Jérémy Bernard, MSc: No financial relationships to disclose
Background: There is few data on sex-differences in outcomes of degenerative mitral regurgitation (DMR) following surgery. We aimed to assess sex-related differences in presentation, treatment, short- and long-term outcomes of patients undergoing surgery for DMR and to analyze the interaction between sex and type of surgical procedure (i.e., mitral valve replacement [MVR] versus mitral valve repair [MVr]) with regards to postoperative outcomes.
METHODS AND RESULTS: Pre-, intra-, and post-operative clinical and echocardiographic data of consecutive DMR patients treated surgically with MVr or MVR at IUCPQ-UL between 2002 and 2019 were analyzed. To account for differences in baseline characteristics between men and women, an inverse probability weighting (IPW) estimation was used within each type of surgical procedure. The study endpoints were short-term postoperative (i.e., ≤30-days) adverse events and long-term all-cause mortality.

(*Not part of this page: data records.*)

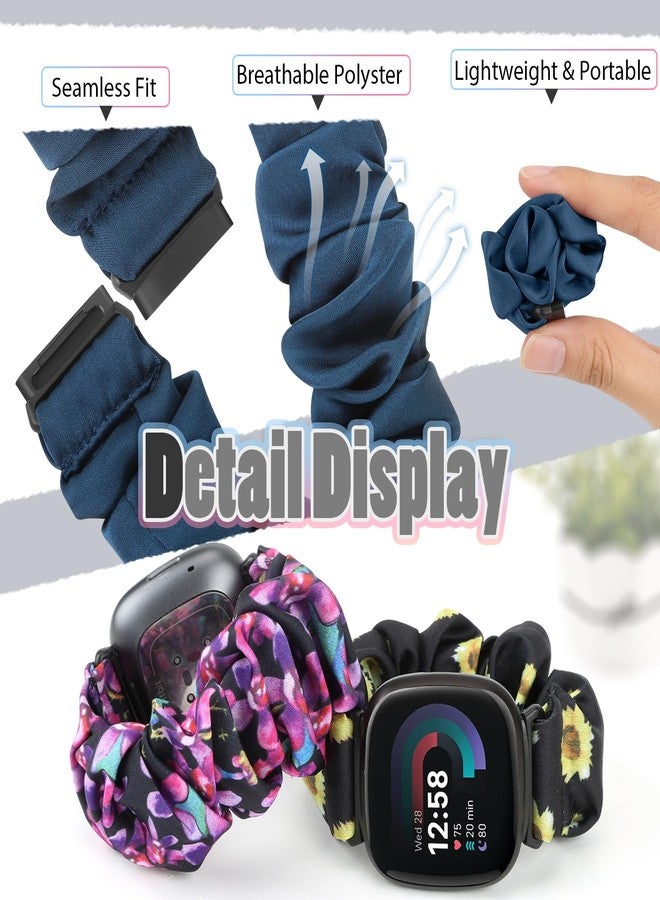 Acortjl Scrunchie Band Compatible for Fitbit Versa 4/Sense 2/Versa 3/Sense Stretchy Cute Fabric Soft Replacement Wristbands Pattern Scrunchy Strap Women Girls for Fitbit Versa 4/Sense 2/Versa 3/Sense - Image 4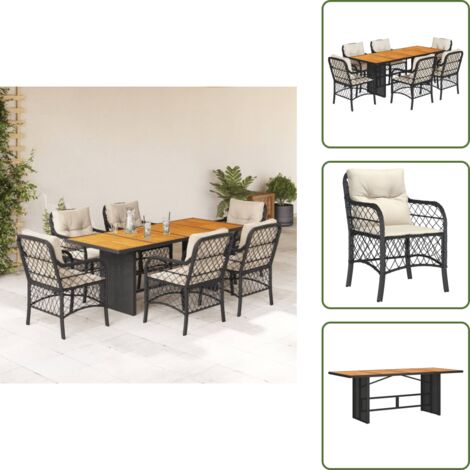 Mesa de jardín - vidaXL Set de comedor de jardín 7 pzas y cojines ratán sintético negro - Ratán sintético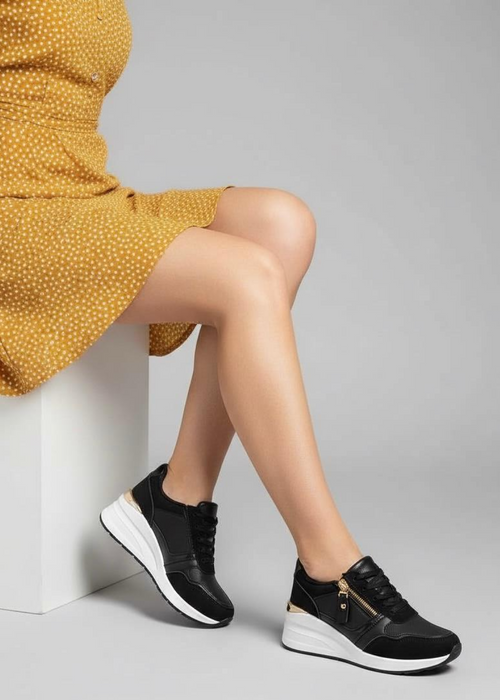 Laura Black Zip Detail Wedge Trainers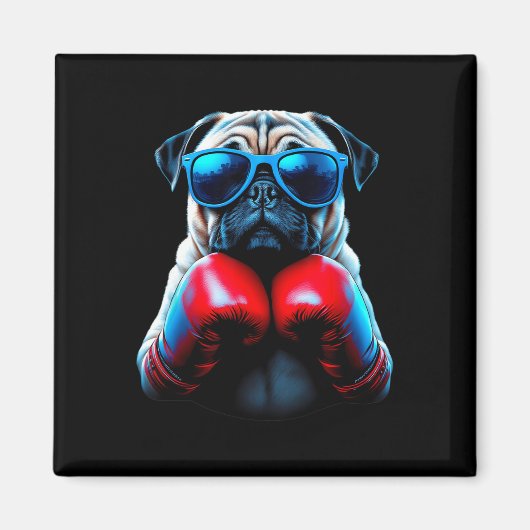 Aimant Boxing Pug Chien Kickboxing Cool (Devant)
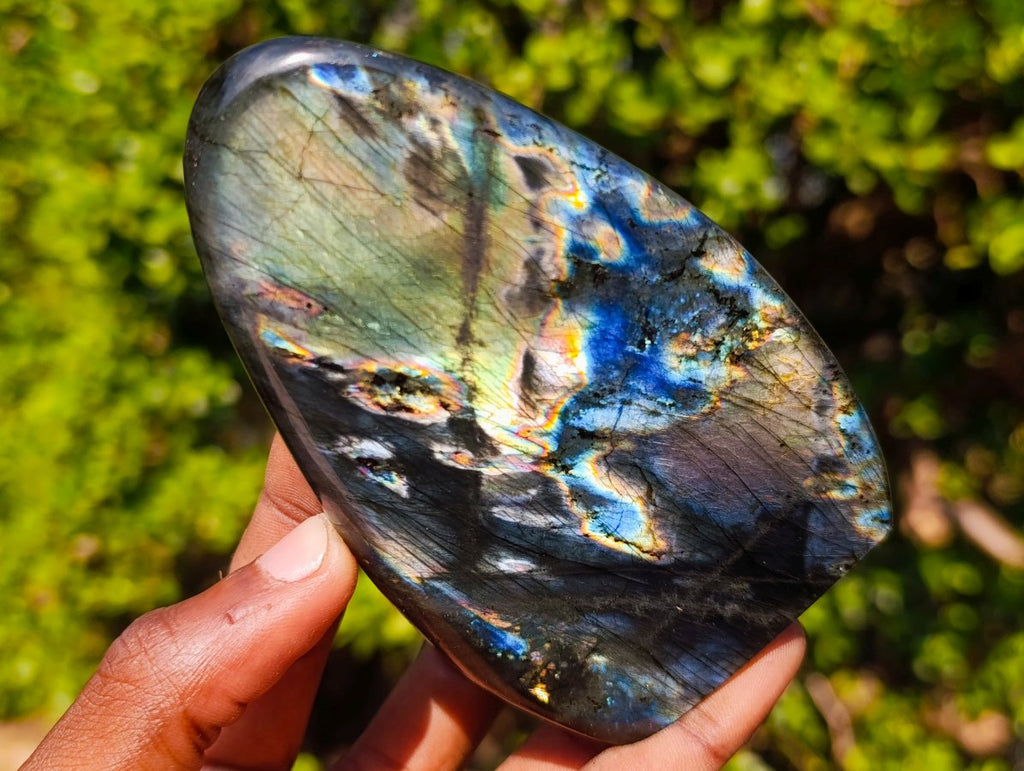 Polished Spectrolite Labradorite Standing Display Pieces x 6 From Madagascar - Toprock Gemstones and Minerals 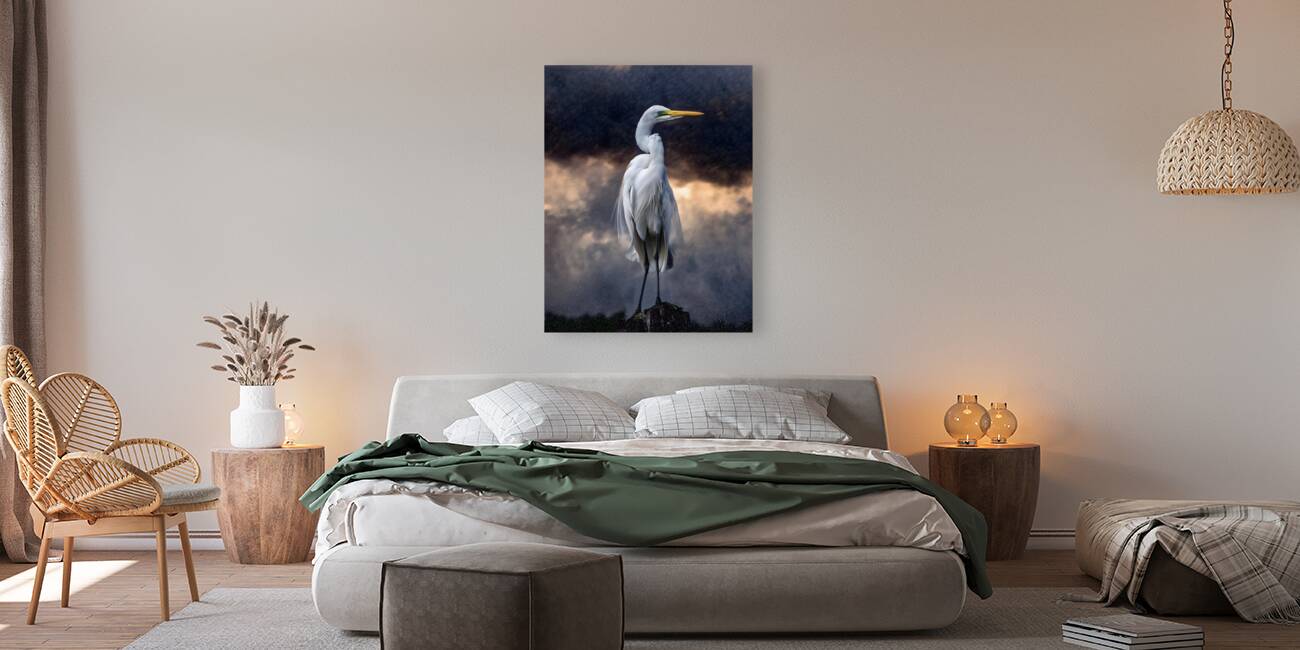 Egret Standing Tall Reproduction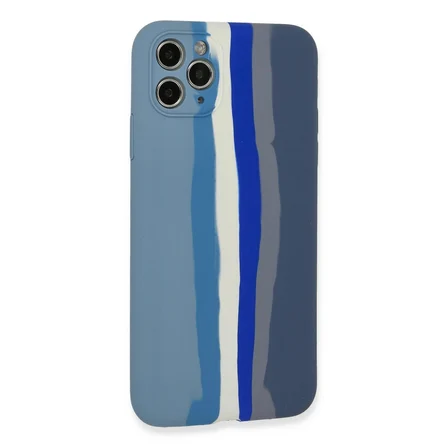 iPhone 11 Pro Kılıf Ebruli Lansman Silikon - Mavi-gri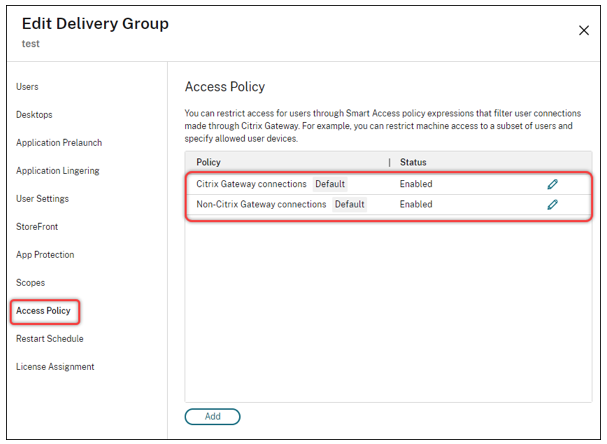 Edit delivery group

Of the 1,804 patients included in the study, 661 (37%) were women. Women presented more frequent preoperative atrial fibrillation (AF), higher values of brain natriuretic peptides, larger indexed left atrial, left ventricular (LV) end-diastolic and end-systolic dimensions, higher pulmonary pressure, and were more symptomatic (all p≤0.006). Women were however less frequently referred to surgery for Class I guideline-based indications (i.e., symptoms and LV dysfunction/dilation) but more for new onset of AF or pulmonary hypertension and early surgery (all p≤0.03). After IPW adjustment, women were at higher risk of early postoperative stroke (odds ratio [95% confidence interval (CI)]: 2.78 [1.59–4.87], p=0.002). Women presented higher long-term mortality compared to men when treated by MVr (IPW-hazard ratio [95% CI]: 1.68 [1.49-1.90], p< 0.001), but lower mortality (0.74 [0.65-0.84], p< 0.001) when treated by MVR (Figure). Subsequent analyses stratifying patients according to concomitant procedures (e.g., coronary artery bypass grafting) confirmed the higher risk of long-term mortality for women with MVr but not with MVR (all p≤0.03). Independent predictors of long-term mortality were the presence of mitral annulus calcification for men in both MVr and MVR, and DMR severity and LV ejection fraction for women in MVr and MVR, respectively (all p≤0.04).
Conclusion: In this large series of patients with DMR patients treated surgically, women present with a worse preoperative risk profile and display a higher risk of stroke following surgery compared to men. Women were at higher risk of long-term mortality compared to men when treated by MVr, but not when treated by MVR.